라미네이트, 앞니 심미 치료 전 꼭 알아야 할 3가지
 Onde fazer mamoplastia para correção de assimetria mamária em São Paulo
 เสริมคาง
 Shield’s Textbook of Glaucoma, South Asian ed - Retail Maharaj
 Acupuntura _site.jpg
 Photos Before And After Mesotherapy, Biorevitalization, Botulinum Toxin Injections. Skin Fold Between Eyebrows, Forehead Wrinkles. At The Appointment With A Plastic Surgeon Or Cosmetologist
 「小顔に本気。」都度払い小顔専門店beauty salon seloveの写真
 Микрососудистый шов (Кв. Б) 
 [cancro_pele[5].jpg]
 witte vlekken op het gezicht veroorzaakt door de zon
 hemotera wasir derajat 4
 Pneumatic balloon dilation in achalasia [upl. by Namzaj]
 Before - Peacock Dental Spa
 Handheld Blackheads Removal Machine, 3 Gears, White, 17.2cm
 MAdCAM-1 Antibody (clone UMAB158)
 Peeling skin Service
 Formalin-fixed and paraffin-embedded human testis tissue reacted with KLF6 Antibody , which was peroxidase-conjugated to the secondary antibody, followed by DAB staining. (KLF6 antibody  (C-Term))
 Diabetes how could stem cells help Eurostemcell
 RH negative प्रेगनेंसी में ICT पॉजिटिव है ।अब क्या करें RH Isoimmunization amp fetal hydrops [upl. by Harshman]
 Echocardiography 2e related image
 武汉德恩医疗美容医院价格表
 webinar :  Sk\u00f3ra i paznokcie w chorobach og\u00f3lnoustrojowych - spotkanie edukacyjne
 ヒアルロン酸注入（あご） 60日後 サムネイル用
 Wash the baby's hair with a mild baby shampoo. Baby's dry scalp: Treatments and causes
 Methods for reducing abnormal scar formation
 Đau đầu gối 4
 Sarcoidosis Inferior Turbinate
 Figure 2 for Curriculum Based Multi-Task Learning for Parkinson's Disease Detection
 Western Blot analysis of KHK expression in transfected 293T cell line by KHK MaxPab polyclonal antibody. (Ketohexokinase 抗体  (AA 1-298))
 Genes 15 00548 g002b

What is needed:
Everything from the first line of the material through the line containing "Peeling skin Service" is to be printed exactly; lines after that are to be left out.

Answer section:
라미네이트, 앞니 심미 치료 전 꼭 알아야 할 3가지
 Onde fazer mamoplastia para correção de assimetria mamária em São Paulo
 เสริมคาง
 Shield’s Textbook of Glaucoma, South Asian ed - Retail Maharaj
 Acupuntura _site.jpg
 Photos Before And After Mesotherapy, Biorevitalization, Botulinum Toxin Injections. Skin Fold Between Eyebrows, Forehead Wrinkles. At The Appointment With A Plastic Surgeon Or Cosmetologist
 「小顔に本気。」都度払い小顔専門店beauty salon seloveの写真
 Микрососудистый шов (Кв. Б) 
 [cancro_pele[5].jpg]
 witte vlekken op het gezicht veroorzaakt door de zon
 hemotera wasir derajat 4
 Pneumatic balloon dilation in achalasia [upl. by Namzaj]
 Before - Peacock Dental Spa
 Handheld Blackheads Removal Machine, 3 Gears, White, 17.2cm
 MAdCAM-1 Antibody (clone UMAB158)
 Peeling skin Service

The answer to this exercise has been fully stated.